▶ _Task objective_: Locate each line of the material that contains "Premium", then return it.
═════ Information provided ═════
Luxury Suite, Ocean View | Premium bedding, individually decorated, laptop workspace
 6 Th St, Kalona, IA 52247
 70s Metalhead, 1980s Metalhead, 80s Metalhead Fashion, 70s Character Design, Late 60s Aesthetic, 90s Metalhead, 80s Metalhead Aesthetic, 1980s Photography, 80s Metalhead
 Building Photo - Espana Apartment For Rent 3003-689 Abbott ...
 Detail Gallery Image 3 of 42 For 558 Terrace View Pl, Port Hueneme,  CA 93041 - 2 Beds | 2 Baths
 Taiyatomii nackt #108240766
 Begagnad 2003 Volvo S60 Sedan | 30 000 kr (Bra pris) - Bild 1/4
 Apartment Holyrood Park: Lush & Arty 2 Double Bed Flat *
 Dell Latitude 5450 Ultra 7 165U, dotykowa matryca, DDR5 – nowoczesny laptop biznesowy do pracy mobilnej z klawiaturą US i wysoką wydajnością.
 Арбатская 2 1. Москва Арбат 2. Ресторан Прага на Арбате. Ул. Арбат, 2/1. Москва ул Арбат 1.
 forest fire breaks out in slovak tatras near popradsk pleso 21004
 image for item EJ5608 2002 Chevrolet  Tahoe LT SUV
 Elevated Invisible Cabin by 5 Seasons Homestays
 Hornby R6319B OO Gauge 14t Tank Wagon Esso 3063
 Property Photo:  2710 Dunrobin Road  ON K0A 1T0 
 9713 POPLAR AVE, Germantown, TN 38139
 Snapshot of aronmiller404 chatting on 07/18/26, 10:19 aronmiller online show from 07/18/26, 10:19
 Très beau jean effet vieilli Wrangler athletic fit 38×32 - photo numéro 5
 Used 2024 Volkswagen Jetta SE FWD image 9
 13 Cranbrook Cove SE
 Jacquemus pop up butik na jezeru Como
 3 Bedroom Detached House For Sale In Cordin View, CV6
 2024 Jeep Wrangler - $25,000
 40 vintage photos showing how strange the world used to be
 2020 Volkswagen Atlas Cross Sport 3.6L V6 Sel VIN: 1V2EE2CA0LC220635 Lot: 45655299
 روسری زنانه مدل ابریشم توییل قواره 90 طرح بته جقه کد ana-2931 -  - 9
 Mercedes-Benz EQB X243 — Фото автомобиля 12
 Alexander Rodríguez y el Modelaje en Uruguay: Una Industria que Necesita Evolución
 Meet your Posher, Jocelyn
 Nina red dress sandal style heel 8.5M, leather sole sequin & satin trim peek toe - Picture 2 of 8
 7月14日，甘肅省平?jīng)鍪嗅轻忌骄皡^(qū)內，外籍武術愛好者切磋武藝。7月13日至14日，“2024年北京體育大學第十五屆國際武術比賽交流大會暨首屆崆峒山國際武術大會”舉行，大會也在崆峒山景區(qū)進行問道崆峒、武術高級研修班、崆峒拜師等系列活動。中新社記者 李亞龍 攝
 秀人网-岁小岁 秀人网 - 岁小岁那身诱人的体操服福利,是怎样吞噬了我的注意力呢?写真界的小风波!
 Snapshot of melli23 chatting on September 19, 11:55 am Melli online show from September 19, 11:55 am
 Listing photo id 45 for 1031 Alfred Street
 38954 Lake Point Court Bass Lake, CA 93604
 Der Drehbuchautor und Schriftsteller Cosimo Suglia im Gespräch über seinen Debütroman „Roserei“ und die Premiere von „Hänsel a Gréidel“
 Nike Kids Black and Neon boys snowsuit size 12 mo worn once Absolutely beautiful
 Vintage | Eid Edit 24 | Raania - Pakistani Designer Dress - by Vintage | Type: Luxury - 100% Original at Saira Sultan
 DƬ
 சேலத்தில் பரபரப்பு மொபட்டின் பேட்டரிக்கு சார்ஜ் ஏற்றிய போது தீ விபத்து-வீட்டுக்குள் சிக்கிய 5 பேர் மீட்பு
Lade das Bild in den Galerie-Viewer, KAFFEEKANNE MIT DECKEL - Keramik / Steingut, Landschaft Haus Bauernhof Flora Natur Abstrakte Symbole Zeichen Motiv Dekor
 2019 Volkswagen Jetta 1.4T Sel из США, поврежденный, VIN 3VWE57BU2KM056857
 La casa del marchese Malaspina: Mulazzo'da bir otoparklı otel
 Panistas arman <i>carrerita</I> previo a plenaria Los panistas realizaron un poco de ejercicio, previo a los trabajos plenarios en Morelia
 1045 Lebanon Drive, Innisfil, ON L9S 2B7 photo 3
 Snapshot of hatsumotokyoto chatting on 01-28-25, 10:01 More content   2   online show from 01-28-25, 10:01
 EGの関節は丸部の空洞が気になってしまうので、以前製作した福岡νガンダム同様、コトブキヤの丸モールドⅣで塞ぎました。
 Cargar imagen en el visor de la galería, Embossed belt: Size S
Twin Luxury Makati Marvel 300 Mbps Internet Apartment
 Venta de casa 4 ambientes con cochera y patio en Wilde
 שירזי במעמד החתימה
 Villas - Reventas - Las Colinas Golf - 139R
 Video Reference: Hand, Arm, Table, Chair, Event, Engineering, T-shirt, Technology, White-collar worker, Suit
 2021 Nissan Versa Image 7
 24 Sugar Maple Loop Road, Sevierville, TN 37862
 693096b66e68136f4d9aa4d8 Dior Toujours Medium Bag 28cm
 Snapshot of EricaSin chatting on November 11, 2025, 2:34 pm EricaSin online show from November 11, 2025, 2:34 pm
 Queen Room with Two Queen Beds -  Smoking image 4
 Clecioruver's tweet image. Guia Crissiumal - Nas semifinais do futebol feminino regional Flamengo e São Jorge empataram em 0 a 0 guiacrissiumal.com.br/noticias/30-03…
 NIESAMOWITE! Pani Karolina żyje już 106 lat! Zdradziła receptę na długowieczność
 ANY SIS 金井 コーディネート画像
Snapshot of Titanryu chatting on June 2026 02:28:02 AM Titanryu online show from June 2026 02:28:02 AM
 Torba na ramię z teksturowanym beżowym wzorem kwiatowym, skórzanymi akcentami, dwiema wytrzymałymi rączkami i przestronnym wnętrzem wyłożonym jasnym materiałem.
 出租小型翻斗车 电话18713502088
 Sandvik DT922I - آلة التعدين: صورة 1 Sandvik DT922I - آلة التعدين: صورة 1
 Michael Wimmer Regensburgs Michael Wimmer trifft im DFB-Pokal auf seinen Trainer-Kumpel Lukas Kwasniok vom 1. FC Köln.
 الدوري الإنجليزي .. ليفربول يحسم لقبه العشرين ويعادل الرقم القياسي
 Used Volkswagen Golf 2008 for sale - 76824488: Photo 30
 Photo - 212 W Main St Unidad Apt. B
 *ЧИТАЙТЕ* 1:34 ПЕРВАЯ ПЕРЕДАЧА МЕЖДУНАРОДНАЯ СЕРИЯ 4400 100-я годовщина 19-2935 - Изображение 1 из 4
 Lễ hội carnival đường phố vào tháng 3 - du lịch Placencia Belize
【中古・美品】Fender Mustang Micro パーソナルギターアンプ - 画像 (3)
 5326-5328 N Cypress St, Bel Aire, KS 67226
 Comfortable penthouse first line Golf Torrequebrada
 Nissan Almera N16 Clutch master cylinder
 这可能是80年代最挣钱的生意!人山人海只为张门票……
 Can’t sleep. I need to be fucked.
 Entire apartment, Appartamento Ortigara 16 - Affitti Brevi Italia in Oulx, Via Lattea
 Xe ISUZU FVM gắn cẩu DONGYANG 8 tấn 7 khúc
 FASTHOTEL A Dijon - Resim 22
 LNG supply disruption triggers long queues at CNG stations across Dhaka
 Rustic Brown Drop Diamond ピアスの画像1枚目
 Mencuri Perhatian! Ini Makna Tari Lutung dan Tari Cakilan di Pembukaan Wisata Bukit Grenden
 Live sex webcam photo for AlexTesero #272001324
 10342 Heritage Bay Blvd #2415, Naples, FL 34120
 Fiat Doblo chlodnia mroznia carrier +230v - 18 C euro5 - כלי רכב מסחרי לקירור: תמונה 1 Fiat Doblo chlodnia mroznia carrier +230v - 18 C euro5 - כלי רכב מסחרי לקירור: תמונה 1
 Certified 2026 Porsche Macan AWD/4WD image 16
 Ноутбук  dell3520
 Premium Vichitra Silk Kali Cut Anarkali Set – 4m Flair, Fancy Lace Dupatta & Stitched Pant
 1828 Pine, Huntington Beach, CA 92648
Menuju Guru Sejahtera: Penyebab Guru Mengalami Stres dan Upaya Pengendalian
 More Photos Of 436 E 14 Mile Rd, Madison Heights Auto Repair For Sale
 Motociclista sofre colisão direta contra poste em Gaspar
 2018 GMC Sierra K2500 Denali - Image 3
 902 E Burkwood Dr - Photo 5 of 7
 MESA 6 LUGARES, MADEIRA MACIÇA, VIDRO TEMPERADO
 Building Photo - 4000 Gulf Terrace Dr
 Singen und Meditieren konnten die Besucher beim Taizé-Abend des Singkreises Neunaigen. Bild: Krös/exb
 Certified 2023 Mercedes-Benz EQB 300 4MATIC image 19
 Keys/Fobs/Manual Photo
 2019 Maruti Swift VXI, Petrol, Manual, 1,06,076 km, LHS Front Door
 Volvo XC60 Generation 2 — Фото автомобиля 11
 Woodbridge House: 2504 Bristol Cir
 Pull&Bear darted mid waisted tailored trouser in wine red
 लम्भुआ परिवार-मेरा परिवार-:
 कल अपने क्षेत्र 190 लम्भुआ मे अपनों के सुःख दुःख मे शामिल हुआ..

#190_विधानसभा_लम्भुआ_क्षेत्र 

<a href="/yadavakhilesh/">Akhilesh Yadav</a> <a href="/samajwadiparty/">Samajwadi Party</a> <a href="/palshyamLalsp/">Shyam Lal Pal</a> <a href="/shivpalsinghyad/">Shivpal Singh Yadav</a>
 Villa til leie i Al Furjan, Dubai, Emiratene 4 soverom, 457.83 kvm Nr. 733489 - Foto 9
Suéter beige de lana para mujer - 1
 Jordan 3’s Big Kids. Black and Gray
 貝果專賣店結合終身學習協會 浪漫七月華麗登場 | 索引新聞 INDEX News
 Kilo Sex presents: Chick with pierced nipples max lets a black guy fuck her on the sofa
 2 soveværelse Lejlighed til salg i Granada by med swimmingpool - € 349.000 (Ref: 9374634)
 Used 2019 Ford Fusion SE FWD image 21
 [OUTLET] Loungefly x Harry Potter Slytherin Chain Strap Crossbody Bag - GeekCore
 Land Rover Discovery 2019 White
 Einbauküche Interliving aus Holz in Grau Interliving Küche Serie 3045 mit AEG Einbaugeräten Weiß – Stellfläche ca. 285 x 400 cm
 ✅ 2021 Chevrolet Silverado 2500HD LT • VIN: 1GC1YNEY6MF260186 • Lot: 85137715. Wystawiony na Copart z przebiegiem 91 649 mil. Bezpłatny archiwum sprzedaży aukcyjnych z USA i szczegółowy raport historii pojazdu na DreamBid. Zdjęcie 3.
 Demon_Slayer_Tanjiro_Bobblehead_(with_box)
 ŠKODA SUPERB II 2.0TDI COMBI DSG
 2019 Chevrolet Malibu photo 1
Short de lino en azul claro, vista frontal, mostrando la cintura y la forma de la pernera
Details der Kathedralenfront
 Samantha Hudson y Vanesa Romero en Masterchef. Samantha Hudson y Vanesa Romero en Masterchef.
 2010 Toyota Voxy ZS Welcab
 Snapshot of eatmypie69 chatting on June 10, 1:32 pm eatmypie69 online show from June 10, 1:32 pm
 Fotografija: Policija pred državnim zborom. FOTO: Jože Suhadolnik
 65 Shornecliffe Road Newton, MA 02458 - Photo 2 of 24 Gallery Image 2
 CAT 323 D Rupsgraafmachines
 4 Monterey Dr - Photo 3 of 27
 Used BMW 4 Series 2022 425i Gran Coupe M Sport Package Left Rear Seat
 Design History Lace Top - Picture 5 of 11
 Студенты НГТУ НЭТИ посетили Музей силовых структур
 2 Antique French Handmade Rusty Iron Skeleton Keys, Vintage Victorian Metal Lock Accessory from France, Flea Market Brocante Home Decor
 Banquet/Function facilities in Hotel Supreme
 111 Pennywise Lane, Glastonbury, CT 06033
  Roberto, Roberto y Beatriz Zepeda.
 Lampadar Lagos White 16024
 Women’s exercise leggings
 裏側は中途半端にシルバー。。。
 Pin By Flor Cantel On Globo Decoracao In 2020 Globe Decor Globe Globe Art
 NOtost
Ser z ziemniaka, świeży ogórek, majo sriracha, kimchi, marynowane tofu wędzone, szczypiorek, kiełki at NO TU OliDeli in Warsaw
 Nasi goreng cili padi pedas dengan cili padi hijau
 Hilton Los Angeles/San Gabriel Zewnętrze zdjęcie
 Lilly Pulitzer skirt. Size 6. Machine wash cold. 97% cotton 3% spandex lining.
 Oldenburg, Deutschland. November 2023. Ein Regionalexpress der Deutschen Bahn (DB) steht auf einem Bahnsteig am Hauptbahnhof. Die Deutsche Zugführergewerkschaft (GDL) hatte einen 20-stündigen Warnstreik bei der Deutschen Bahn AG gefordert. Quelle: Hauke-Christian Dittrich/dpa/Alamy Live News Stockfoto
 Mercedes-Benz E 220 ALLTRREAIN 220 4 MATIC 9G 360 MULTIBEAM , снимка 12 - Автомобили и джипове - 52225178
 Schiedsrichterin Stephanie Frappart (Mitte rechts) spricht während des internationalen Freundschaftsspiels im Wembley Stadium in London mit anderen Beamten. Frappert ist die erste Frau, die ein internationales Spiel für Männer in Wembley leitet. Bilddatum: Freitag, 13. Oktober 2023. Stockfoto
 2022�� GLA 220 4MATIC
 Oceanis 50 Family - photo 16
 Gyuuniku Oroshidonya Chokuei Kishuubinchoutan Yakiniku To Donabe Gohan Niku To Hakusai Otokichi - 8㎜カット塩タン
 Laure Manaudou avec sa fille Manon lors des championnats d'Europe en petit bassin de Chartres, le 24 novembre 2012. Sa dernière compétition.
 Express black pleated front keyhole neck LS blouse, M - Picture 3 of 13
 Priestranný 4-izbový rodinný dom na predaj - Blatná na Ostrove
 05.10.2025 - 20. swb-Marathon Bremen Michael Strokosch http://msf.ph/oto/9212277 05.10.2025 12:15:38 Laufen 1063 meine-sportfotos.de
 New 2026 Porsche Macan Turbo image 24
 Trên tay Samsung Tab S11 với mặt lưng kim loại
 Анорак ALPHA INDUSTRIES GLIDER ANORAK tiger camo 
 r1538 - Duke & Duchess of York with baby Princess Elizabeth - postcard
═════
▶ _Written response_:
Luxury Suite, Ocean View | Premium bedding, individually decorated, laptop workspace
 Premium Vichitra Silk Kali Cut Anarkali Set – 4m Flair, Fancy Lace Dupatta & Stitched Pant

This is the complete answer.